I’m returning a TypeError: first argument must be string or compiled pattern, but can’t figure out what I’m doing wrong.

1 Like

Solved. TicketID is type INT and needs to be an Object/String

@vovavili could you please provide example code? Mine ran overnight for 10 hours and still hasn’t finished. There are 20 million rows in the dataframe. So would have to loop 400 million times minimum. Also I tested on a small sample and I have an error in the code as it hasn’t switched both odds columns, it just replaces the first with the second. (doesn’t replace the second with the first)

I think I slightly underestimated what you meant to accomplish at first.
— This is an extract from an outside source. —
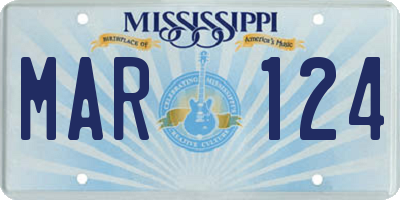 MS license plate MAR124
In fact, that’s actually quite a head-scratcher. My immediate thought process is the following:

  1. Extract digits from TicketStatus column

  2. Merge two columns together in a first dictionary. (Possibly, a structured NumPy array might be faster, not sure).
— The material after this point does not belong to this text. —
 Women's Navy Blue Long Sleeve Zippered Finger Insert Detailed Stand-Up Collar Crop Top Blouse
  3. Combine first needed columns, drop duplicates, keeping both duplicates in separate dataframes for a clever dictionary trick

  4. Create the second hash map

  5. Conditionally replace values

Here is my untested mockup:

# Create needed dictionary for a first pair of recoding

df["Ticket_Only_Digits"] = df["TicketStatus"].str.extract('(\d+)').apply(pd.to_numeric, errors='coerce')
df_temp = df.copy()
df_temp = df_temp.dropna(subset="Ticket_Only_Digits")
hash_map_1 = dict(zip(df_temp["Ticket_Only_Digits"], df_temp["Odds"]))

# The deduplication trick

df["Ticket_Only_Digits"] = df["Ticket_Only_Digits"].combine_first(df["TicketID"])
keys = df.loc[df.duplicated(subset="Ticket_Only_Digits", keep="first")].copy()
values = df.loc[df.duplicated(subset="Ticket_Only_Digits", keep="last")].copy()
hash_map_2 = dict(zip(keys["TicketID"], values["Odds"]))
df = df.drop("Ticket_Only_Digits", axis="columns")

# Map values
df["Odds"] = df["Odds"].mask(df["TicketID"].isin({*hash_map_1}), df["TicketID"].replace(hash_map_1))
df["Odds"] = df["Odds"].mask(df["TicketID"].isin({*hash_map_2}), df["TicketID"].replace(hash_map_2))
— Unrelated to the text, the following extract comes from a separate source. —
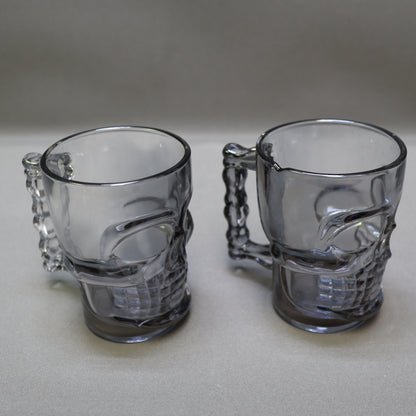 Set of 2 Vintage Deli Glass Skull Mugs Dark Smoked Black Tinted Beer Stein Barware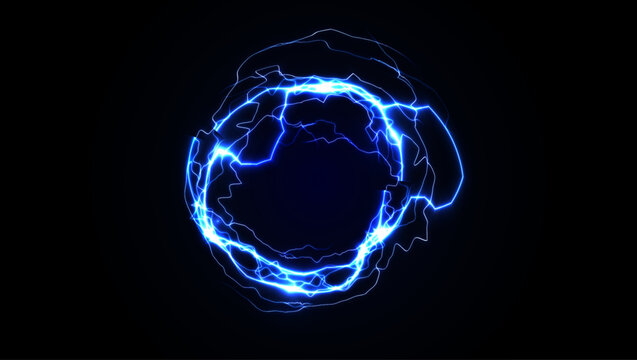 Electric Energy Circle with Glowing Blue Lightning Ring on Dark Background. Futuristic Tech Power Effect for Sci-Fi or Gaming Design. Vector Illustration.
Please let me know if this works for you.

1 Like

@vovavili Get a ValueError: cannot convert float NaN to integer, even though no N/A values in the TicketStatus column? There are TicketStatus that have no Int though within the String. (Like in the original example ‘Hello’)

have uploaded a little sample of actual data here if any use: https://file.io/Qdp27U780XBL

First got AttributeError: ‘DataFrame’ object has no attribute ‘drop_na’

Removed the drop n/a part of line 3 so it read like this:

df_temp = df_temp(subset="Ticket_Only_Digits")

Now get Dataframe Object is not callable

Posting the datatypes from df.dtypes if any use:

TicketID int64
Odds float64
TicketStatus object
dtype: object

If I remove that line completely (which I now realise I should have :slight_smile: ) I get the following error

TypeError: Input must be Index or array-like

I’ve fixed syntax errors now that I have a data sample to work with instead of going from memory.

edit until can check

Yes, I’ve slightly fixed the logic by swapping keep_duplicates with df[df.duplicated]. Does it work now?

Yes I believe it works!

Oh dear though. I just realised now that there was a fatal flaw in my sample code

Deleted - new sample code

It turns out that we are looking for the String in the TicketID, instead of the other way around :face_with_diagonal_mouth: :face_with_diagonal_mouth:

The String will always appear in a row before the target TicketID.

image

When I run the code, it will replace Row 4’s odds with Row 2, but won’t Replace Row 2’s Odds with Row 4.

I’m sorry for wasting time and appreciate the help so far

1 Like